Mulheres radicais na pinacoteca

A exposição foi estruturada por temas, separadas por nove seções que enfocam aspectos essenciais da linha mestra central que é o corpo político. Os tópicos são bem definidos: autorretrato, paisagem do corpo, performance do corpo, mapeando o corpo, resistência e medo, o poder das palavras, feminismos, lugares sociais e o erótico.

A mostra deve ser apreciada detalhadamente, por resgatar obras marcantes de artistas latino americanas e de latinas que moram no Estados Unidos, um mapeamento surpreendente, com uma montagem impecável, além de ser acompanhada de um formidável catálogo, referência para futuras abordagens e pesquisas.

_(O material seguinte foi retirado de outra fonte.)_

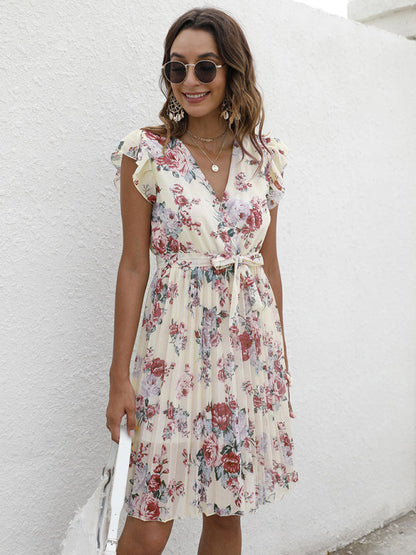 Dress- Floral A-Line Pleated Belted Flared Dress- - IndioGear Fashion and Gear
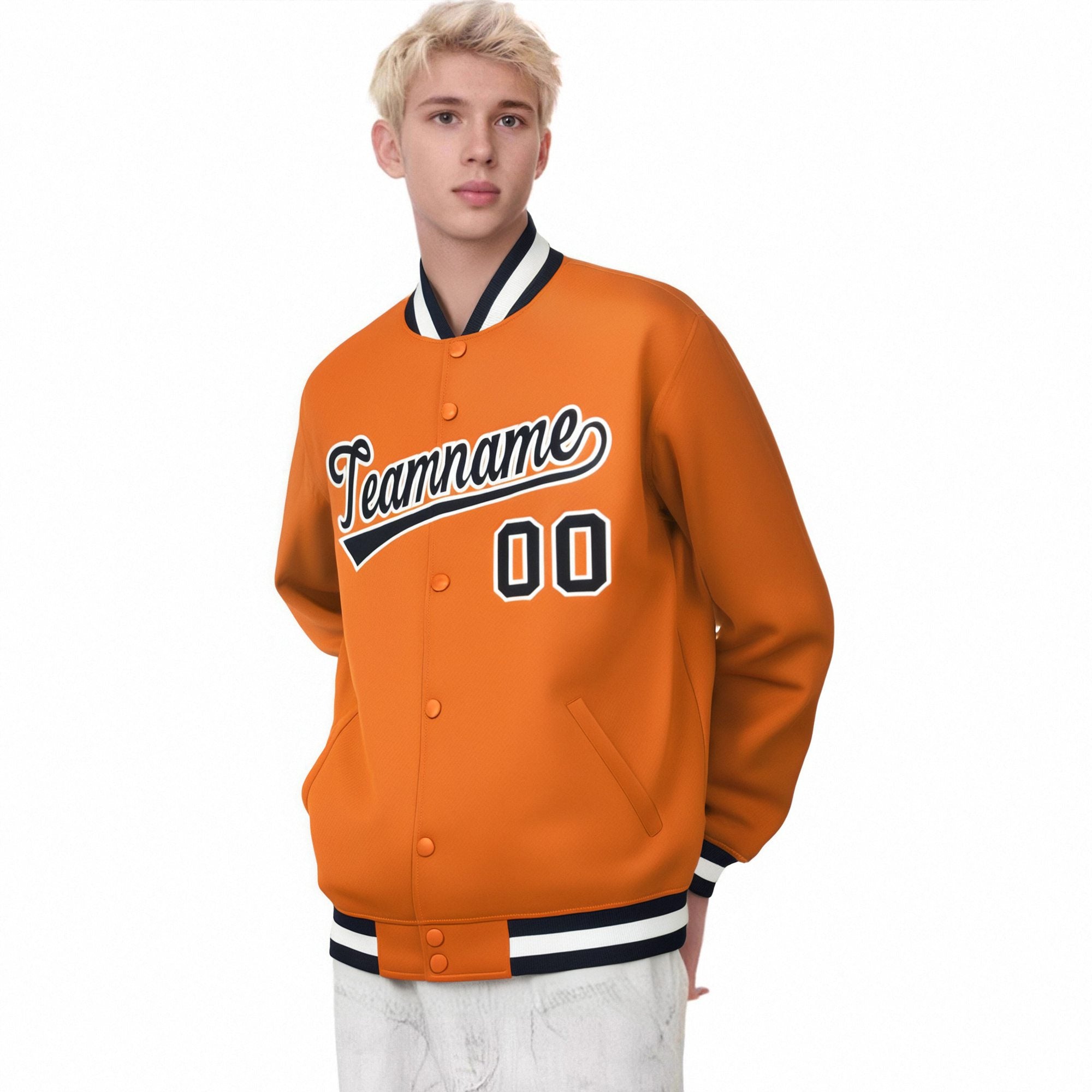 Custom Orange Black White Bomber Full-Snap Varsity Letterman Jacket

Seguindo a linha revisionista, o Instituto Tomie Ohtake abriu a exposição “AI-5 50 anos – Ainda não terminou de acabar”, que faz um incursão por um período bem tenebroso da história recente brasileira com curadoria de Paulo Miyada. Dividida em setores como censura, criminalização da opinião e reflexões sobre a crise das instituições, a mostra realça o ato institucional que ampliou os poderes do presidente num período ditatorial bem contundente com reflexos em todos os segmentos da sociedade atingindo a atividade artística. Preciosos documentos e obras de artistas como Claudia Andujar, Regina Silveira, Bruno Dunley, Paulo Brusky, Regina Vater, Sergio Sister, Helio Oiticica, Cybele Varela, Claudio Tozzi, Carlos Vergara, Gabriel Borba, Carlos Zilio, Cildo Meireles, Nelson Leirner, Vlademir Dias-Pino entre tantos outros completam um painel esclarecedor daqueles anos de chumbo. Um resgate bem oportuno demonstrando os grandes malefícios que uma ditadura promove, notadamente o cerceamento da liberdade de expressão. O esforço para a realização dessa mostra é notável, o ITO se empenhou profundamente para conseguir reunir um material de grande relevância histórica e artística comparável a outra antológica mostra, “Histórias Afro-Atlânticas” realizada em parceria com o MASP, duas mostras de cunho revisionista extremamente significativas para o atual panorama brasileiro.

Paulo Bruscky AI-5 50 Anos

Na linha da releitura, o Sesc Pompeia apresenta a mostra Arte-Veículo reunindo mais de 200 obras, divididas em sete núcleos, concebidas nos últimos 60 anos por 47 artistas como Cildo Meireles, Eduardo Coutinho, Antonio Manuel, Paulo Bruscky, Marcia X, Jac Leirner, Hudinilson Jr., Artur Barrio, Leonilson, e grupos como 3Nós3, Manga Rosa, abordando especificamente a exploração da mídia brasileira como campo de intervenção artística. A apropriação de veículos de comunicação como suporte de difusão de trabalhos dos mais variados cria uma possibilidade incrível de comunicação atingindo um público bem amplo proporcionando inusitadas reações.

Paulo Bruscky AI-5 50anos

Por outro lado, o Sesc Pinheiros acolhe uma instigante mostra “O Outro Trans-Atlântico” concebida pelo Museu de Arte Moderna de Varsóvia, que faz uma incursão pela arte cinética e ótica na América Latina e no Leste Europeu, entre os anos 60 e 70, reunindo obras de Julio Le Parc, Lothar Charoux, Ivan Serpa, Sérvulo Esmeraldo, Abraham Palatnik, Almir Mavignier, Jesus Rafael Soto, Victor Vasarely, Sergio Camargo, Hélio Oiticica, Mira Schendel, Lygia Clark, Ubi Bava, Grupo Sigma, Grupo Prometheus, Gego, Francisco Infante-Arena, Carlos Cruz Diez, Vera Molnár entre tantos mestres que revolucionaram a arte do século XX influenciando as futuras gerações.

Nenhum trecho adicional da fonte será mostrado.